## WHAT THE EXERCISE ASKS
Once you find the line with "Slide: The Image", transcribe it and all the lines that follow to the end of the data, exactly as written; skip any pictures.

## SOURCE DATA
_ _ _ _
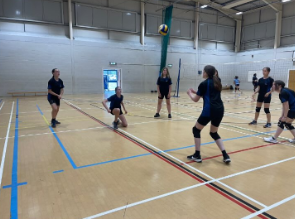 Image shows volleyball game with the ball in mid air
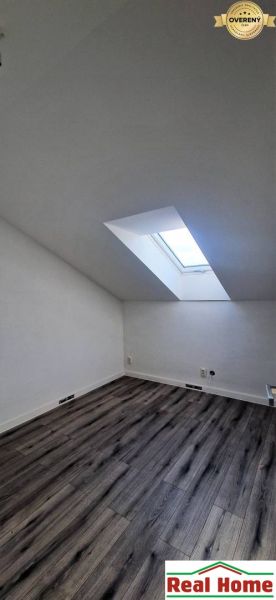 Attic room with a wooden decor floor and a skylight in a family house.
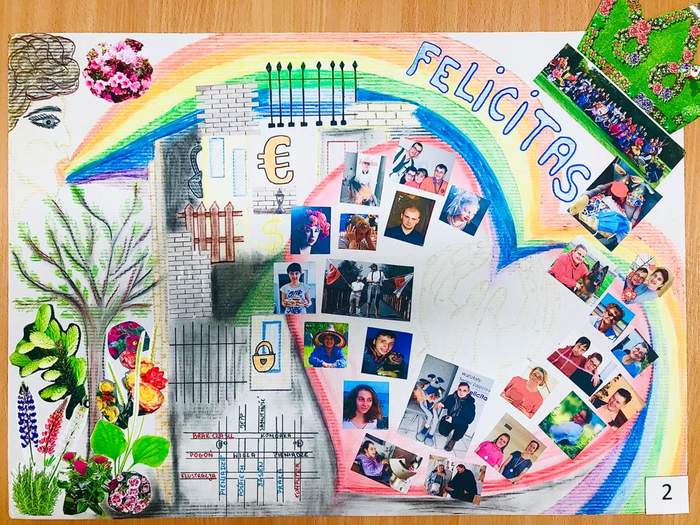 Pokaż zdjęcie: nagrodzony rysunek na którym namalowane jest serce otoczone tęczą, w sercu znajdują się fotografie uczestników wtz, obok serca narysowany jest fragment ogrodu z naklejonymi roślinami w prawym górnym rogu naklejona jest korona i napis felicitas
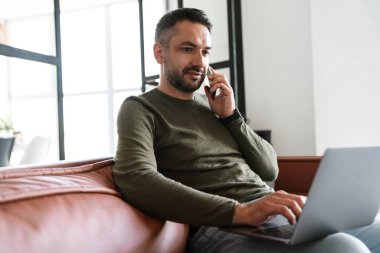 Modern bir ofiste çalışan, dizüstü bilgisayar kullanan, koltukta oturan, cep telefonu kullanan yakışıklı, kendine güvenen genç bir iş adamı.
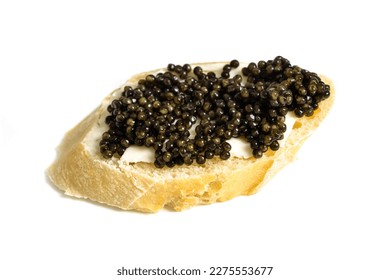 Baguette slice with black caviar and butter isolated over white. Natural sturgeon luxury delicacy sandwich closeup. Seafood delicatessen and bread appetizer. - Shutterstock ID 2275553677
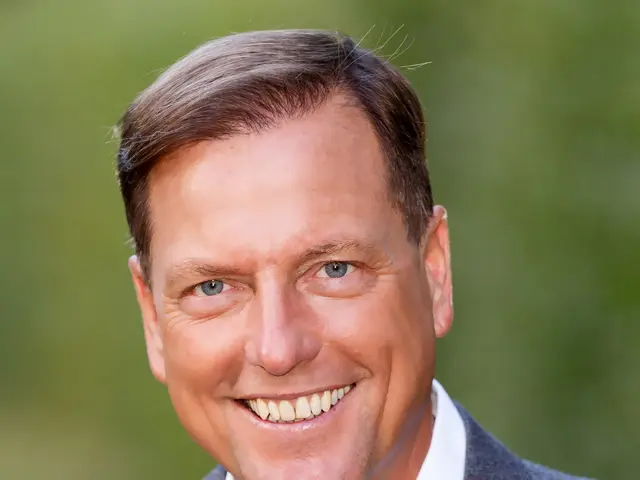 The image shows a man in a suit smiling at the camera with a blurred background. He appears to be...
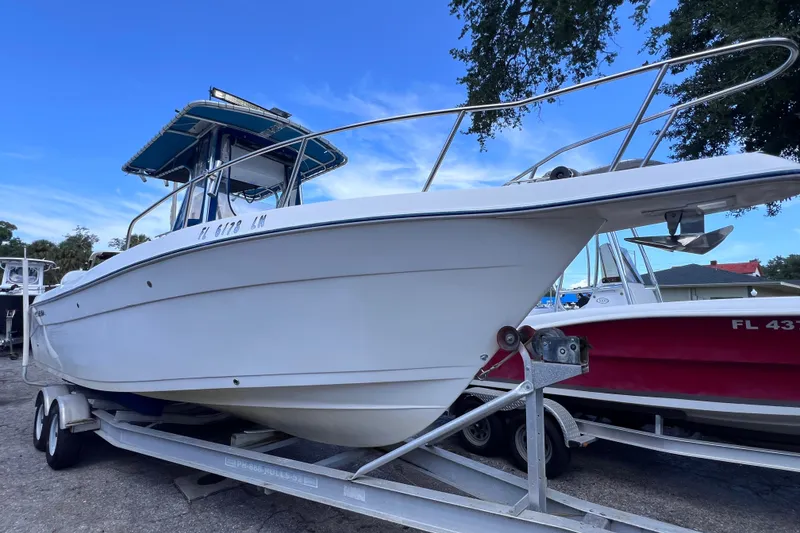 Slide: The Image of 2001 Cobia 254 Center Console boat on trailer, under clear blue sky. - 7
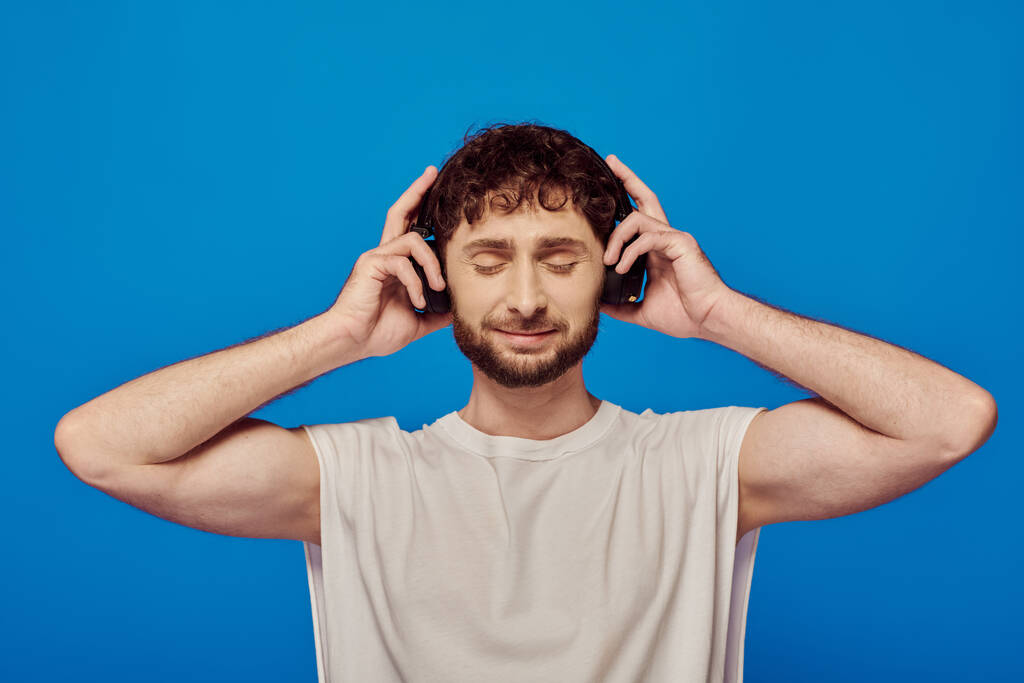 hombre complacido en auriculares inalámbricos escuchando música sobre fondo azul, camiseta blanca, ojos cerrados - Foto, Imagen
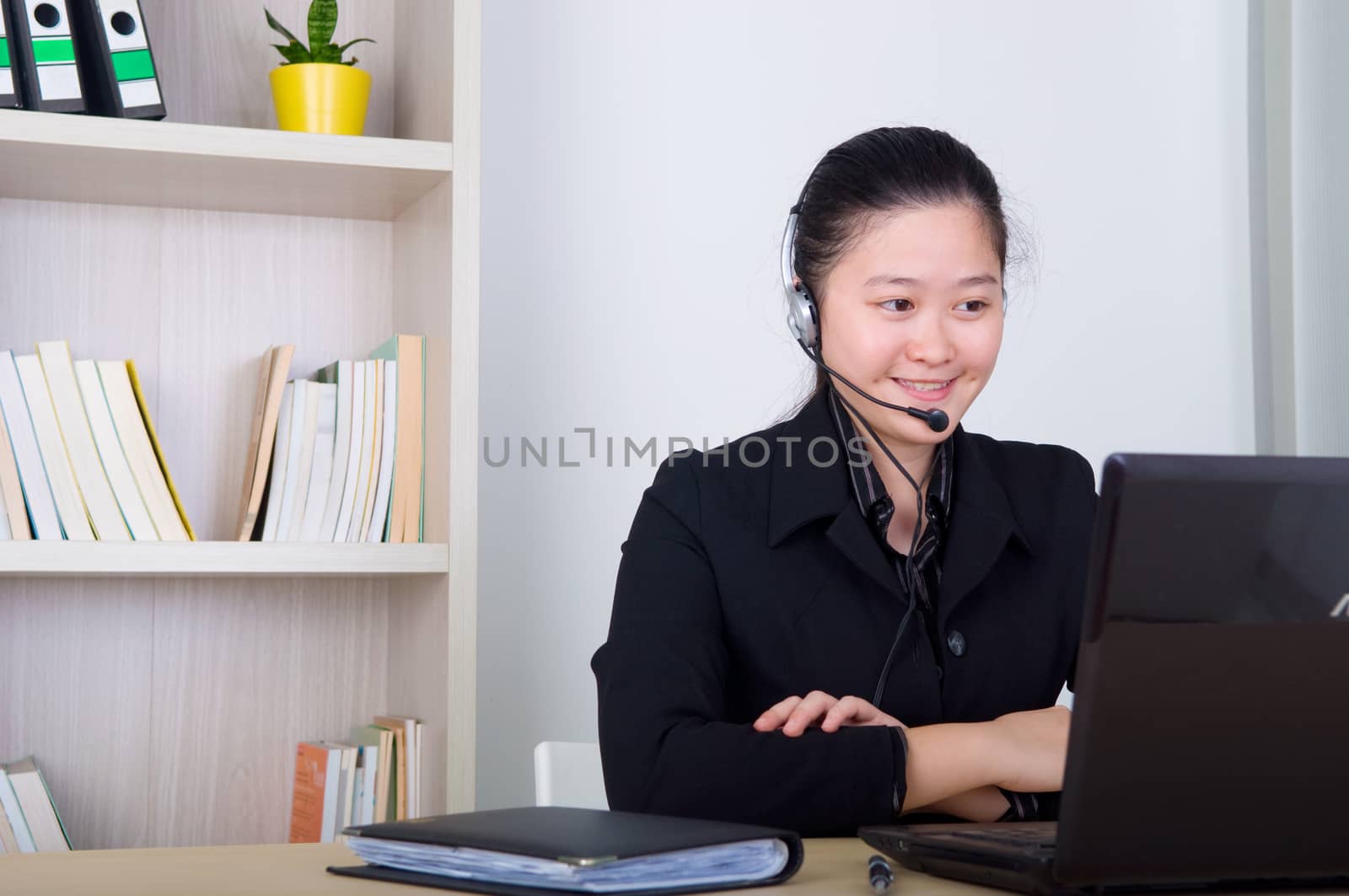 Beautiful asia young business woman with headset and laktop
_ _ _ _
## REPLY TO THE TASK
 Slide: The Image of 2001 Cobia 254 Center Console boat on trailer, under clear blue sky. - 7
 hombre complacido en auriculares inalámbricos escuchando música sobre fondo azul, camiseta blanca, ojos cerrados - Foto, Imagen
 Beautiful asia young business woman with headset and laktop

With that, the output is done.